Я встаю, чтобы проводить ее, и она наклоняется, кладя руку мне на плечо.
— Осторожно, — говорит она. — Не торопись. Твоя рука может быть в онемении еще некоторое время, но действие анестетика начнет ослабевать, и ты можешь испытывать некоторый дискомфорт. Но это не продлится слишком долго.
Кивнув головой, я искренне улыбаюсь ей. Мне нравится этот врач. Она была очень внимательна ко мне и, кажется, действительно заботится. Ее не волновало ворчливое отношение Маркуса, сидящего в другом конце комнаты, и она так же, как и он, старалась заботиться обо мне. Она сделала быстрый тест на беременность, чтобы подстраховаться, прежде чем засунуть эту штуку мне в руку, и пока мы ждали результатов, она осмотрела некоторые мои все еще заживающие раны, хотя мало что могла для них сделать.
Я не знаю, что такого есть в тесте на беременность, что вызывает сильнейшую тревогу, пульсирующую по моим венам, но это были самые долгие три минуты за все время моего пребывания здесь, и это говорит о многом. Я полностью за то, чтобы женщины рожали детей, если это хорошо для них.
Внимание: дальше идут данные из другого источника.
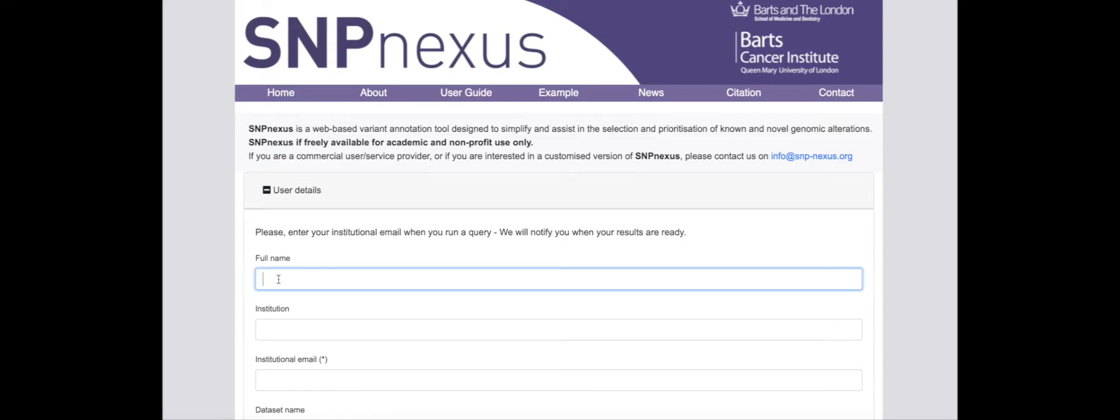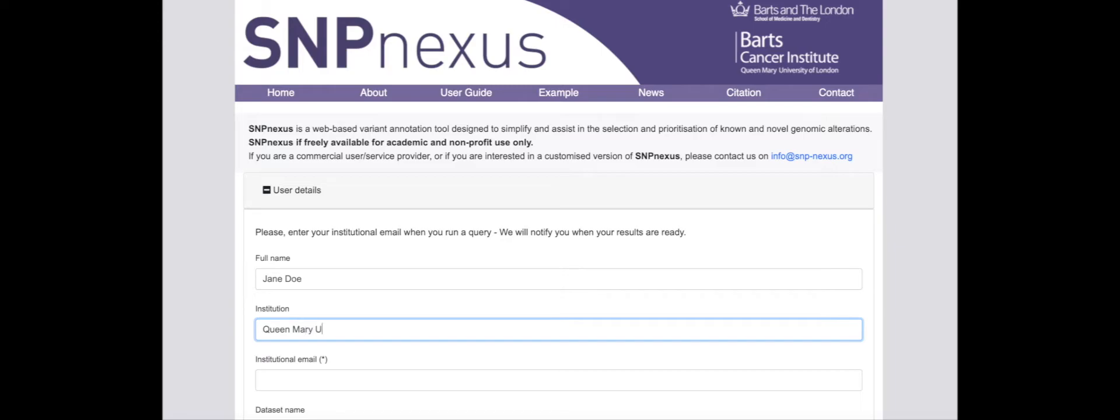A variant query can be started by providing contact details to receive a notification once the annotation process is complete for the uploaded dataset.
Я надеюсь, что их маленький комочек радости сделает их самыми счастливыми ублюдками в городе, но это дерьмо не для меня, по крайней мере, пока, и уж точно не тогда, когда я все еще прокладываю свой путь в этом мире. Такая жизнь небезопасна для ребенка, и новорожденный сын Романа — тому доказательство. Черт возьми, мы едва можем уследить за ним. Еще один — это глупый шаг.
С еще несколькими оставленными инструкциями по уходу и лекарствами, которые помогут моим заживающим ранам, доктор уходит, и я стою рядом с Маркусом, пока она спускается по парадной лестнице особняка ДеАнджелисов.
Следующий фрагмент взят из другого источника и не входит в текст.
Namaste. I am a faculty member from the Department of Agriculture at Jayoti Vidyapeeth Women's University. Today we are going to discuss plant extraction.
— Пожалуйста, не причиняй ей вреда, — бормочу я, моля Бога, чтобы она не услышала мой голос, уносимый ветром. — Она мне нравится.
Маркус прищуривает глаза, и я знаю, что один мой комментарий обезопасит ее, нравится ему это или нет. Его губы сжимаются в тонкую линию.
— Она слишком самоуверенна, — бормочет он.
— Я знаю, — смеюсь я, беря его под руку и кладя голову ему на плечо. — Это то, что мне в ней нравится. Ты хоть представляешь, как приятно наблюдать, как другие люди разговаривают с вами троими, не боясь? Это самая забавная вещь, которую я когда-либо видела.
Он качает головой.
— Это только доказывает, насколько она глупа.
Я закатываю глаза, когда она садится в свою машину и поспешно уезжает. Я уверена, что она не закрыла глаза на тот факт, что ее жизнь была бы в непосредственной опасности, если бы она перешла границы дозволенного. Держу пари, она сидит в этой машине с трясущимися руками на руле и пот стекает ей под задницу.